▸ **PROBLEM DETAILS**: Repeat the listing exactly. Any picture in it should be left out of the copy.

▸ **PROVIDED DATA**:
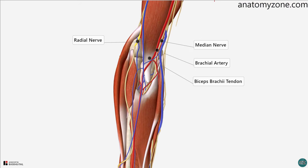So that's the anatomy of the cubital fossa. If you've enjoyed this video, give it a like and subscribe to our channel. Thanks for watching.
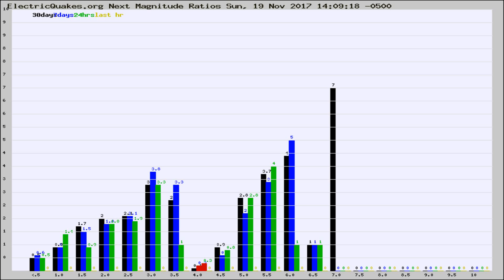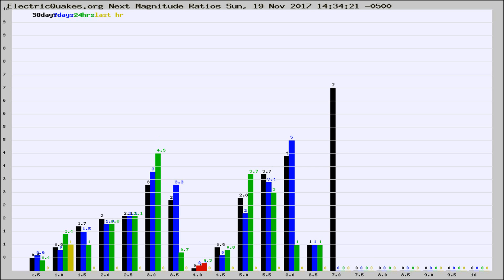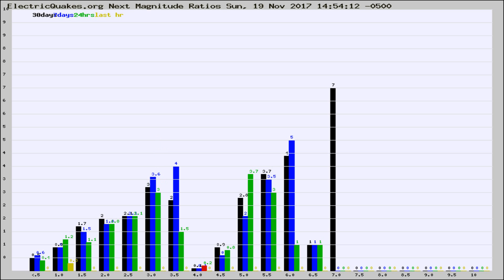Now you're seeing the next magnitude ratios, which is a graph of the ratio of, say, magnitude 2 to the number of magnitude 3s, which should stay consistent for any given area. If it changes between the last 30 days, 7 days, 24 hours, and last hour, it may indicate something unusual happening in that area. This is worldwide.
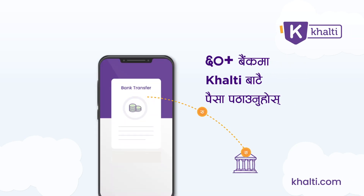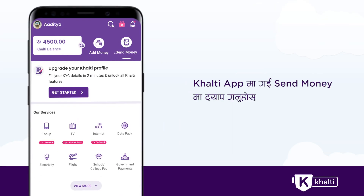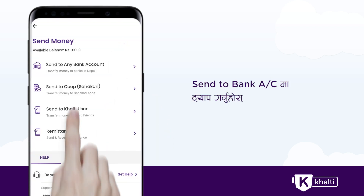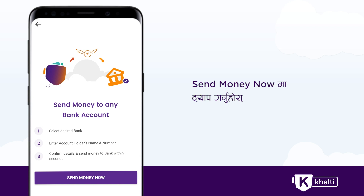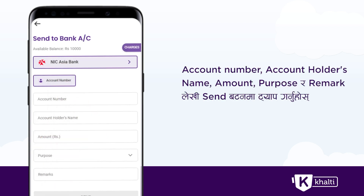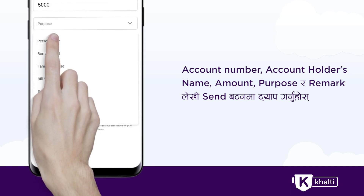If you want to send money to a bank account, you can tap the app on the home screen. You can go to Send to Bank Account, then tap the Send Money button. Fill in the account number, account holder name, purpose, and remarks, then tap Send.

▸ **TASK SOLUTION**:
So that's the anatomy of the cubital fossa. If you've enjoyed this video, give it a like and subscribe to our channel. Thanks for watching.
Now you're seeing the next magnitude ratios, which is a graph of the ratio of, say, magnitude 2 to the number of magnitude 3s, which should stay consistent for any given area. If it changes between the last 30 days, 7 days, 24 hours, and last hour, it may indicate something unusual happening in that area. This is worldwide.
If you want to send money to a bank account, you can tap the app on the home screen. You can go to Send to Bank Account, then tap the Send Money button. Fill in the account number, account holder name, purpose, and remarks, then tap Send.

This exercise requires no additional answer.